The first study to successfully use extracellular vesicles (EVs) to deliver cargo into T cells offers a solution to the gene- and cell-therapy delivery problem. The system the team used binds to target cells and effectively transfers drugs inside. Called GEMINI (Genetically Encoded Multifunctional Integrated Nanovesicles), the new platform comprises a suite of technologies for genetically engineering cells to produce multifunctional EVs.
“A key goal of this work was using rigorous methods to ensure that the cargo got all the way to where it needed to go,” said Northwestern University’s Joshua N. Leonard, who led the study. “Because we’re making edits to the genome of these cells, we can use powerful technologies like next-generation sequencing to confirm that those exact edits were present in the recipient cells, in the location of the genome where they were intended.”
The research was published in the journal Nature Biomedical Engineering. Leonard is a professor of chemical and biological engineering at Northwestern’s McCormick School of Engineering and a key member of the Center for Synthetic Biology (CSB).

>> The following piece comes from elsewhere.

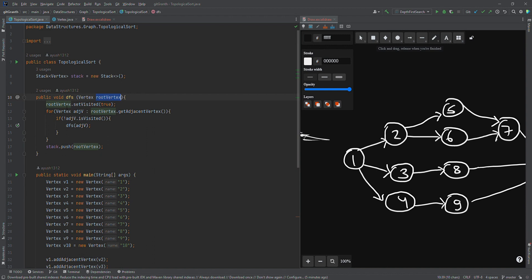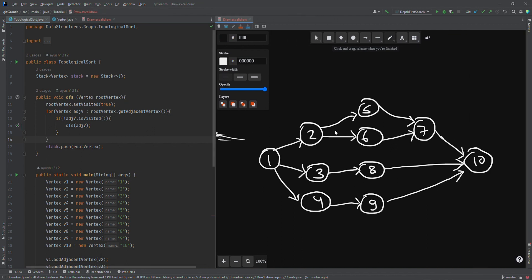We first set V1's visited flag to true, then go to its adjacent vertices. For each unvisited adjacent vertex we perform a DFS recursively. Starting from vertex 1, we go to 2, then from 2 we go to 5, then from 5 to 7, and from 7 to 10. Once we are done with vertex 10 — exiting the for loop for its adjacency list — we push vertex 10 onto our global stack. So the very first vertex pushed into the global stack is vertex 10.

EVs are tiny, virus-sized nanoparticles that all cells already naturally produce. In the new study, researchers used synthetic biology to build DNA “programs” that—when inserted into “producer” cells—direct those cells to self-assemble custom EVs with useful features. The programs also direct cells to load the EVs with biological drugs.
In proof-of-concept experiments by these researchers, the particles successfully delivered biological drugs—in this case CRISPR gene-editing agents that knocked out a receptor used by HIV—to T cells, which are difficult to target. The researchers hypothesize the system should work for many drugs and many types of cells.

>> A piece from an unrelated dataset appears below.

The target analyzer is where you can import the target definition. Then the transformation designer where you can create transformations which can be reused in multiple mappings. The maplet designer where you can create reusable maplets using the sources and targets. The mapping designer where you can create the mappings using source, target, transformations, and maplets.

Viral vectors are a favored delivery mechanism for both cell and gene therapies. But the immune system sometimes recognizes virus parts as foreign and blocks such vectors before they deliver their cargo.
“Viruses have a natural ability to enter cells and deliver cargo,” Leonard said. “Borrowing viral parts is an effective strategy for achieving delivery, but then you are somewhat limited to the types of delivery that the virus evolved to do. It takes substantial engineering work to tweak those systems to alter their functions for each application. In this story, we instead attempted to mimic the strategy that viruses have evolved, but we used new biological ‘parts’ to overcome some limitations of viral vectors and ultimately make new functionalities possible.”

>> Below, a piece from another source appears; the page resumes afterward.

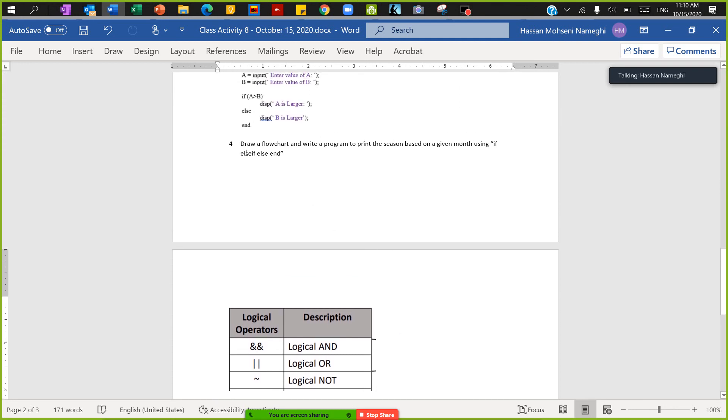Okay, the question asked was draw a flowchart and write a program to print the season based on a given month using if, else if, else and end.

To design a multifunctional vehicle, the researchers looked to EVs, which Leonard described as “a blank slate.” In all living beings (from yeast to plants to humans), cells naturally shed EVs, which researchers think play an important role in communication among cells and natural processes such as immune function.
“These particles are being shed and taken up by cells all the time—in both healthy and disease processes,” Leonard said. “For example, we know that cancer cells shed EVs, and that seems to be a part of the process by which cancer spreads from one site to another. On the flip side, EVs also transfer samples of invading pathogens from infected cells to immune cells, helping the body marshal an effective response.”
Leonard’s team developed and synthesized custom DNA molecules that were introduced into a producer cell. The DNA provided instructions for the producer cell to produce new biomolecules and then load those molecules onto the surface and inside the interior of EVs. This effectively generated EVs adorned with specifically designed characteristics—and cargo already in tow.
“By demonstrating the ability to genetically encode cargo and surface compositions of nanovesicles with the GEMINI platform, we can turn a hard biology problem into an easier DNA engineering problem,” Leonard said.